La economía española parece haberse instalado por fin en la recuperación, que además se presenta –de acuerdo con los indicadores de empleo– algo más intensa de lo que se esperaba. Las previsiones antes de mayo rozaban el uno por ciento, y ahora se sitúan por encima del dos. Hay quien cree que cuando se publique el dato de afiliaciones a la Seguridad Social de junio, el crecimiento estará próximo al dos y medio por ciento.

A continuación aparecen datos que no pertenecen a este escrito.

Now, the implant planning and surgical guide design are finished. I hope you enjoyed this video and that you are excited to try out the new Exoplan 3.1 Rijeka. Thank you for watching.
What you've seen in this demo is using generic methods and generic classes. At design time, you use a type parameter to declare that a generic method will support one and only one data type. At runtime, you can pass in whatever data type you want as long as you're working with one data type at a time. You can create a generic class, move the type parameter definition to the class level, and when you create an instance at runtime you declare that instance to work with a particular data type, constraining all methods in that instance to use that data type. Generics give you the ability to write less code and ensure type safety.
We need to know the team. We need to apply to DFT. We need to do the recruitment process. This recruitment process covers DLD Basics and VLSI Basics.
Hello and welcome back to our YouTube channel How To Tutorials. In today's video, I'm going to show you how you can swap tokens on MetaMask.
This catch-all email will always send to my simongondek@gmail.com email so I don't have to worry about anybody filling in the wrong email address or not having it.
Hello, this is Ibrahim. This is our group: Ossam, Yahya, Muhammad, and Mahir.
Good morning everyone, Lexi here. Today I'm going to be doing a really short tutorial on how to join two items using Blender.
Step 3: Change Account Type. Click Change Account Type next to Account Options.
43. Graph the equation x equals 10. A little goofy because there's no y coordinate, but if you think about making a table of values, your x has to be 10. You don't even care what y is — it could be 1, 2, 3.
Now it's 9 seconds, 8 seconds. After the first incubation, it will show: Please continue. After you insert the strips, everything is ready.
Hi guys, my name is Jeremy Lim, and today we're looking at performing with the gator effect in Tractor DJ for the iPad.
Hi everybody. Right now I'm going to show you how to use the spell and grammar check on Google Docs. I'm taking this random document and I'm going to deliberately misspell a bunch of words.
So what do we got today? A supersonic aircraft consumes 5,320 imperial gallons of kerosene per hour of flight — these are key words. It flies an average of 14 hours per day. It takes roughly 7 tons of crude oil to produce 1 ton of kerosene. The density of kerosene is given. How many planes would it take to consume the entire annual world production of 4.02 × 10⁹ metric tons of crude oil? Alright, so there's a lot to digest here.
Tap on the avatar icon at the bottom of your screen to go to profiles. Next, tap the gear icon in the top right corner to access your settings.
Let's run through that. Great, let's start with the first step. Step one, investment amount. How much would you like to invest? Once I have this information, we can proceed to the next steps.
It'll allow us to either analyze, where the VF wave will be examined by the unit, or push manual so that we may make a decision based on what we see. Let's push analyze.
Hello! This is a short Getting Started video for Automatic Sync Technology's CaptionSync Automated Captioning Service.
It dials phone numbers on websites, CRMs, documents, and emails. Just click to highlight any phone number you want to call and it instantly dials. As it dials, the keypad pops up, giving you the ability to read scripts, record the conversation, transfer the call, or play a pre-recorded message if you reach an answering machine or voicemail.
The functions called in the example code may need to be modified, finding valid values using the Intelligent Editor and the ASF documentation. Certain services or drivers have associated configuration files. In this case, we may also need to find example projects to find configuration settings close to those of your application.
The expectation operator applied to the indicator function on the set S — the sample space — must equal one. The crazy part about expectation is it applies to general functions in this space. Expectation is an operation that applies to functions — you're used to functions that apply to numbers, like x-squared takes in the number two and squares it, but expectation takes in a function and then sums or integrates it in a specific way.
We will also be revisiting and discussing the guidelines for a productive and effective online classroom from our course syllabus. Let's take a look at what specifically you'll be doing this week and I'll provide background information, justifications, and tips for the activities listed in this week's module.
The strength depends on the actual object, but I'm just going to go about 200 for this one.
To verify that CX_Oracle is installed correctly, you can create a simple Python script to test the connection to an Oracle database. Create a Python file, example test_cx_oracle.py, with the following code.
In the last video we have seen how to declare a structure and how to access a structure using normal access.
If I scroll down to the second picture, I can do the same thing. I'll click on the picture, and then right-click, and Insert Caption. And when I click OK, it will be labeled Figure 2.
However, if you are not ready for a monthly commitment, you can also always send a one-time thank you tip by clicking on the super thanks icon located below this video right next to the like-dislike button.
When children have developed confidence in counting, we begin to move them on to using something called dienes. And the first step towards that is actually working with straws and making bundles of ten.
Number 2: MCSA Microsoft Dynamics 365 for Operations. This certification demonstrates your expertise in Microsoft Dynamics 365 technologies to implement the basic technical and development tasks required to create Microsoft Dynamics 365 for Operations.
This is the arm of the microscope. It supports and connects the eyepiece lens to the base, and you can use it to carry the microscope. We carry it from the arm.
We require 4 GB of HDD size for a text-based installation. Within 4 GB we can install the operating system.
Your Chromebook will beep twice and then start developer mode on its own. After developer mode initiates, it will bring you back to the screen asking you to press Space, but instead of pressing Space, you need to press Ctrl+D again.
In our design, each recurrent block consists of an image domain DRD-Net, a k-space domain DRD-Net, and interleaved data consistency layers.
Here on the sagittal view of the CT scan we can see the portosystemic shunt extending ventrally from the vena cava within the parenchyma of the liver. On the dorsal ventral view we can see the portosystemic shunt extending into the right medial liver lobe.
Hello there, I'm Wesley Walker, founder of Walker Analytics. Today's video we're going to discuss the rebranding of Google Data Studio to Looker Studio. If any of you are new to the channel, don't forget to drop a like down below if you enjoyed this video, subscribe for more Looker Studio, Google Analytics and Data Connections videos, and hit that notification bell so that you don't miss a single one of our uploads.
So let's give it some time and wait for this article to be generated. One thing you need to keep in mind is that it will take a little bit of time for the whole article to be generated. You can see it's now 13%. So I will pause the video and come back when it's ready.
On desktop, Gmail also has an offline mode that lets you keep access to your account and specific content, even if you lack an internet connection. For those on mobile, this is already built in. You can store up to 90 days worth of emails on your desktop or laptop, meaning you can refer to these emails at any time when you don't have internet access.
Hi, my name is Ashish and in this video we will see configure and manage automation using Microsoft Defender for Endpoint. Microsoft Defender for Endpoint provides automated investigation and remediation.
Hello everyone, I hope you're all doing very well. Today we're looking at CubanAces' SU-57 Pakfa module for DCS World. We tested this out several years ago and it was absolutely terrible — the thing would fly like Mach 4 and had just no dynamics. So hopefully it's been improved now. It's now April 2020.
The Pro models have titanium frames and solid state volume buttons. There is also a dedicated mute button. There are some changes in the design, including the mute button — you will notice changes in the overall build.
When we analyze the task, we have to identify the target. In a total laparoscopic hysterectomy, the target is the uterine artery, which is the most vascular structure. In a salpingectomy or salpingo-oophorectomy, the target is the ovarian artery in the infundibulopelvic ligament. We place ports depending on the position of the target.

Ante las señales de mejoría, la política se ha instalado en la autocomplacencia cuando no en la euforia, y quienes no compartimos esa euforia alimentada desde las instituciones por la inminente lluvia de millones que llegará de Europa, somos tachados de agoreros, pesimistas o apocalípticos.

Pero lo cierto es que algo no cuadra en toda esta alegría desbordada, esta confianza en la recuperación económica y la futura capacidad de gasto de las administraciones. Mientras los gobiernos hacen sus cuentas, sintiendo que no serán capaces de cumplir su compromiso de gastar todo el dinero de que van a disponer, la pobreza creciente de casi la mitad de la población, los bajos salarios en las empresas privadas –en contraste con las canonjías crecientes del empleo público, especialmente el empleo vinculado al ejercicio del poder– y el endeudamiento de centenares de miles de autónomos arruinados y de pequeñas empresas, alcanzan a sectores cada vez más amplios de la sociedad. Y no es un problema exclusivamente local.

La crisis del 2008 provocó una fractura extraordinaria en España y en Europa, de la que los ricos salieron más ricos y los pobres más pobres, como suele ocurrir en todas las crisis del capitalismo. El parón económico de la pandemia parece estar agravando aún más aquella situación, que la mayor parte de los países de Europa fueron incapaces de revertir durante la recuperación que siguió a la gran crisis: el diez por ciento de las familias más acaudaladas de Europa son hoy propietarias del 53 por ciento de la riqueza privada. Antes de la crisis del 2008, su parte de la tarta era del 45 por ciento. Mientras, la cuarta parte de las familias de la Unión, las más modestas, se reparten un miserable uno por ciento de la riqueza, frente al cuatro por ciento a que tenían acceso antes. Los más pobres han perdido el 75 por ciento de su cuota en el reparto de la riqueza del país.

Después de casi cincuenta años de mejoras ininterrumpidas, a partir de la primera década de este siglo, el modelo del bienestar hizo aguas, mientras la política degeneró en propaganda, espectáculo y conflicto ideológico, convirtiéndose en uno de los principales factores de la crispación social. En lo que va de siglo, los trabajadores pobres, los pensionistas, los jóvenes, se han vuelto cada vez más pobres, y la riqueza y los privilegios se concentran en los más ricos, y cada vez más rápidamente. Mientras, unas administraciones en creciente metástasis destinan sus ingentes recursos –logrados con políticas fiscales que permiten escapar de rositas a los pudientes y acaudalados, pero no a las expoliadas clases medias–, a sostenerse a sí mismas, o a favorecer a quienes logran anclarse en ellas: ex funcionarios que conocen los trucos de las subvenciones, consultoras, empresarios con buenas relaciones con el poder, medios de comunicación al dictado, y otros saqueadores de lo público.

El dinero que Europa ha repartido o piensa repartir, y que seguirán pagando nuestros nietos, no capilarizará la economía productiva hasta llegar a quienes más lo necesitan. Se entregará a los grandes proyectos tractores que controlan las compañías energéticas, restañará las pérdidas de los trust y las multinacionales y llegará en forma de goteo, como bonos por alimento o ayudas para el alquiler a los desahuciados. La vieja y repetida historia de la recuperación de esta crisis de la pandemia: ricos más ricos, pobres más pobres y políticos presumiendo de haberlo hecho de una forma diferente, de no haber dejado a nadie atrás.